After moving to Hank Haney’s stable in 2004, Tiger took six more ‘big ones’. He has since had a stint under the tutelage of Sean Foley (2010-2014) while Chris Como was then brought in as a ‘swing advisor’ after a parting of ways with Foley.
However, any fallow periods in Woods’ career had nothing to do with his fondness for change, according to Lowry.
He said: "Each time he made those changes he still came back and won again so there’s no reason to think that was a mistake.
"I think [making changes] is something he loved doing, I think he’s obsessive about the game and that’s what he loved doing.”
PGA Tour journeyman Pat Perez made waves this week by declaring that 14-time Major champ Woods “can’t beat anybody right now” and is struggling to remain “relevant”.
Lowry, understandably, was making no such outlandish predictions: "I’m not going to say his number’s up, I wouldn’t say anything like that. I’d love to see Tiger back playing well.
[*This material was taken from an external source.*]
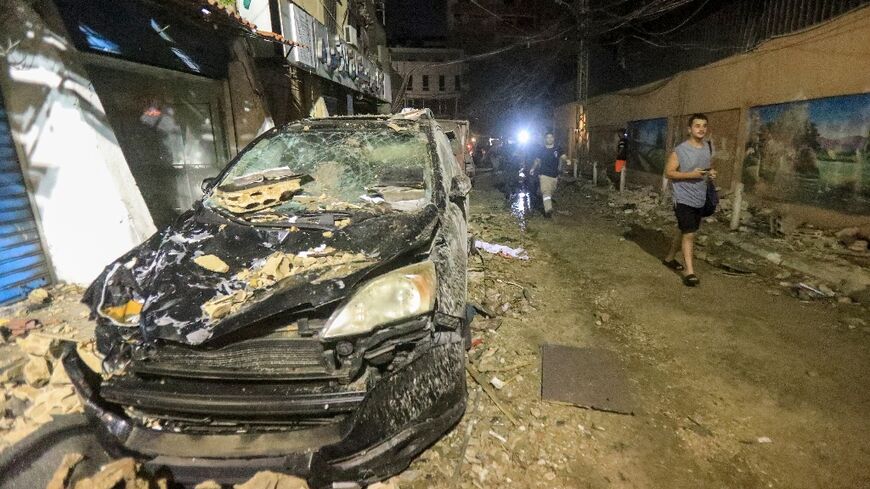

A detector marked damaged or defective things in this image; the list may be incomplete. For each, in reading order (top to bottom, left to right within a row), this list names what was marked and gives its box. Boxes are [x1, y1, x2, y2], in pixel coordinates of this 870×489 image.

damaged building [0, 0, 392, 302]
destroyed black car [64, 110, 474, 488]
shattered windshield [205, 121, 436, 222]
"[Perez] during the week came out and said some stuff and he got a bit of stick for it so I’m not going to say anything like. Like I said, I don’t think [Woods] is feeling sorry for me when he’s at home on a Sunday evening and I’m not playing well.
"I’m not going to feel sorry for him but it’s not nice to see anyone going through a bad phase because I know what it’s like to go through a spell of playing bad golf."
Another golfer who came in for “a bit of stick” this week is Lowry’s countryman McIlroy.
An innocuous round of golf with a certain Donald Trump saw the Holywood golfer receive some unfavourable remarks on social media and beyond.
Lowry had sympathy for the predicament the world number three found himself in but, on a Six Nations weekend, he was eager to kick to touch on the subject of the polarising president.
"I don’t know what I can say about that because no matter what I say on this subject it’s going to be the wrong thing,” he said.
"If I was asked to play golf with Trump I don’t know what I’d do. I’m not going to say ‘no’, I’m not going to say ‘yeah’.
“At the end of the day, he’s still the President of America and I’m sure that’s what Rory thought to himself – ‘the President of America is after asking me to play golf, I’m going to go play golf’.
“It’s just a game of golf. It’s not like he was up in the White House having meetings with him for a few days. That’s all it is – a game of golf.
"We travel around the world, we meet different types of people. When we’re playing in places like Dubai or Abu Dhabi, you meet people and are introduced to people that have different beliefs than you do. That’s just the way it is. We’re a global sport."
A global sport that has brought Lowry all around the world since his phenomenal breakthrough eight years ago when the Esker Hills representative took his National Open while still an amateur on a famous Sunday at Baltray.
But does any small part of him miss the days when golf was merely a hobby rather than his day-job? “I don’t really miss that, no” he claimed. “But a few weeks ago, I went down and played a round with my friends from home, we’d a bit of craic around Esker Hills. I like doing that as well at times.
"I still enjoy playing. But I think I can only play well when I’m playing ‘for something’ now. I struggle when I’m playing at home in just a random round. I think the competitive side is in me now. I can’t just play as a hobby anymore.
"It’s my job now but I still love doing it.
"There’s not many better jobs in the world if you ask me.”